In this article Studio Slave will lay down the psychoacoustic laws and show you how we can use them to improve our productions. so what are psychoacoustics we hear you asking. Psychoacoustics can be thought of as the way we hear and perceive sound within the brain. This is a very in depth subject however in this article we have collated all of the main points and expanded on them with the electronic music producer in mind. In this article we will cover these main points:
- PERCEPTION IS NOT LINEAR
- THE HAAS EFFECT (PRECEDENCE EFFECT)
- CRITICAL BANDS
- NATURAL RESPONSE TO LOUD NOISES
- EQUAL LOUDNESS CURVES
- FLETCHER-MUNSON TO ALTER DEPTH
- HEARING IN RMS
- SOUND LAYERING
- DISTANCE PERCEPTION
PERCEPTION IS NOT LINEAR
Our first point is that perception is logarithmic, As was discovered and researched by Gustav Fechner who introduced the concept of psycho-acoustics.What this means is that the way we perceive weight, light and most importantly in our case, sound. Is non linear, this can make it tricky to measure, which will be explained shortly.Firstly we need to understand frequency ranges. The human ears can detect frequencies in the range of 20Hz – 20KHz due to their inner and outer structure as well as how our brain processes the information they receive.

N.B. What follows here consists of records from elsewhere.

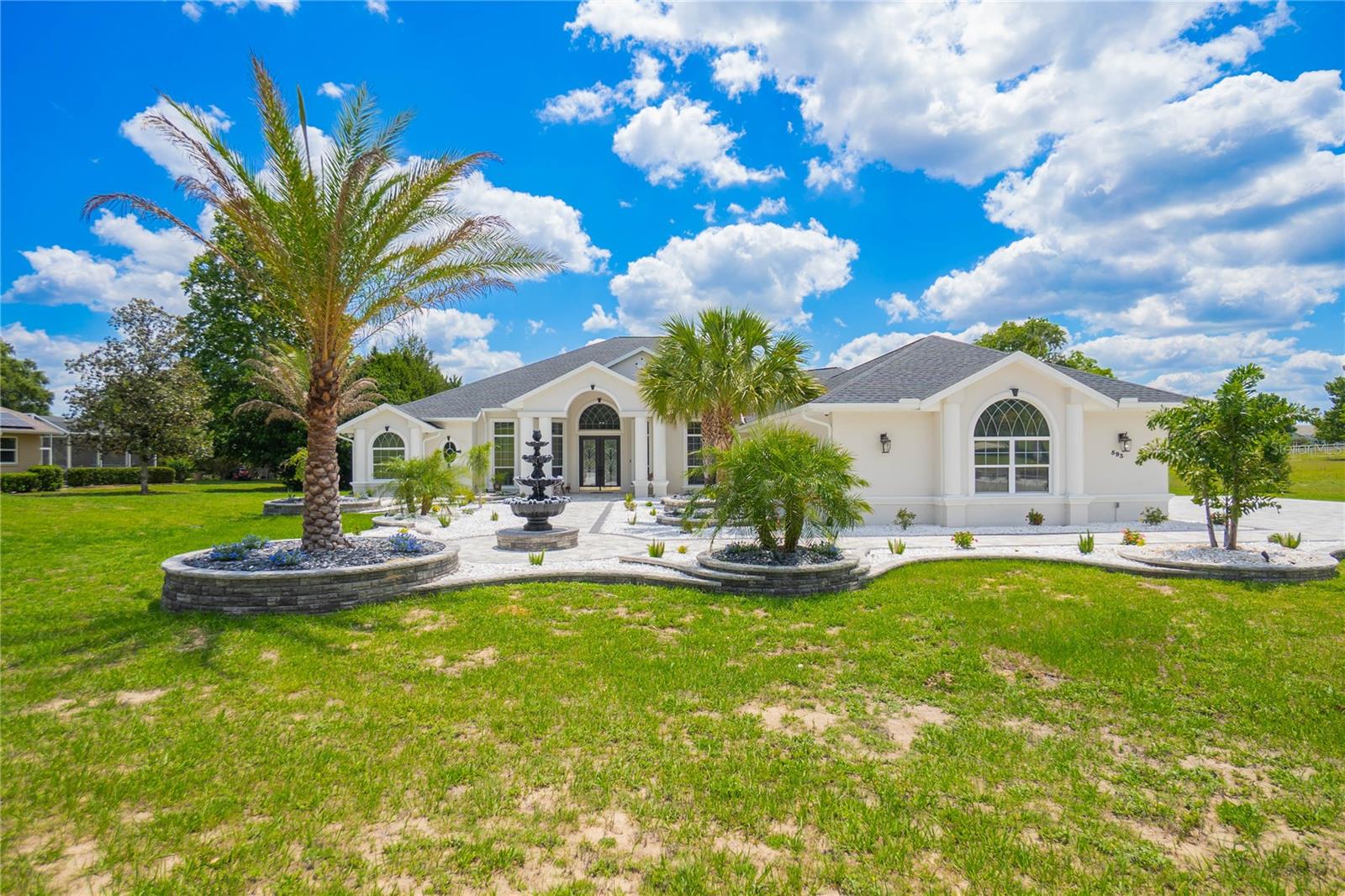 593 N Cherry Pop Dr, Inverness, FL 34453 photo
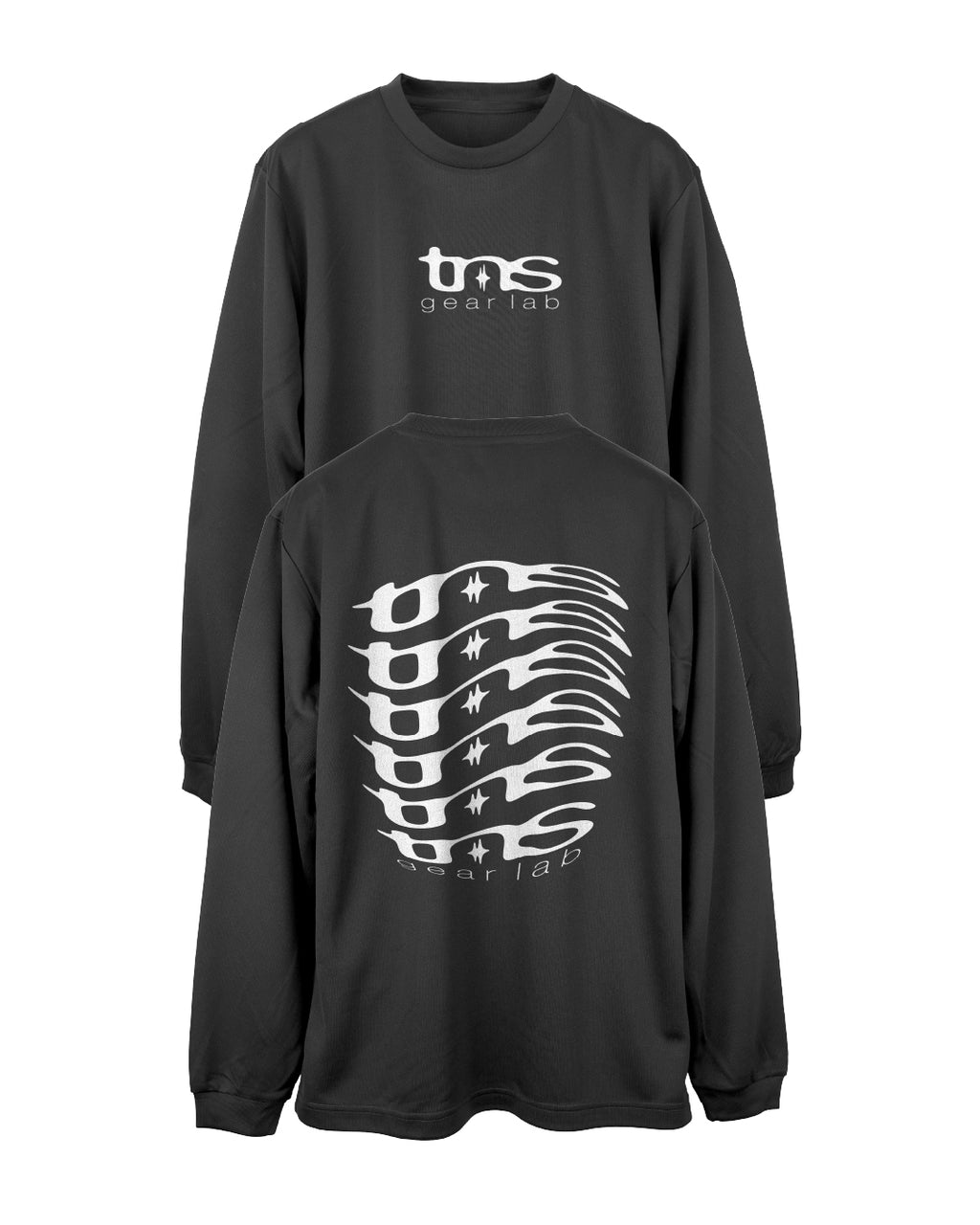Long Sleeve T-Shirt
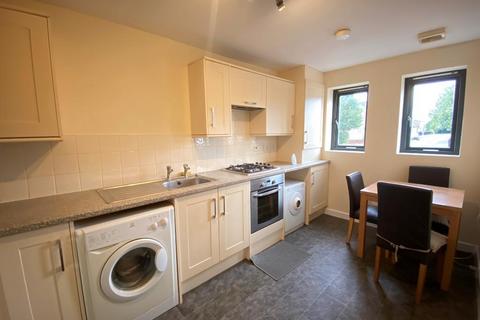 Heathfield Square, Hull, HU3 5DS 2 bed terraced house for sale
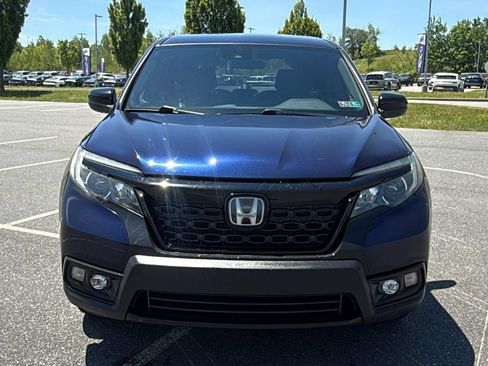 Used 2019 Honda Passport Sport image 16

Once again the perceived loudness of sound at different frequencies is also non linear. Our ears will need a very low frequency of say a 100Hz sine-wave to be much louder for us to perceive it as the same volume as a sine-wave at 1KHz.
Dynamic range – the dynamic range of human hearing is defined by the threshold of human hearing (Being the lower limit) and the threshold of pain (being the higher limit).
The threshold of pain is relatively unbiased to frequency and is capped at around 120 dBspl which is roughly equivalent to being stood next to a jet as it takes off. However the threshold of hearing is very much frequency dependant which can be proved with equal loudness or fletcher-Munson curves which will be explained shortly. The threshold of human hearing can be defined by a 1KHz sine-wave measured at 20 micro-pascals which is the equivalent of 0 dBspl.
Just to put this into perspective the blood rushing through your veins is louder than this and can be heard if you are in an anechoic chamber (a chamber that has almost no reverberations) also known as a silent room.Armed with this basic knowledge we can now tackle some of the phenomenons of the psychoacoustic domain.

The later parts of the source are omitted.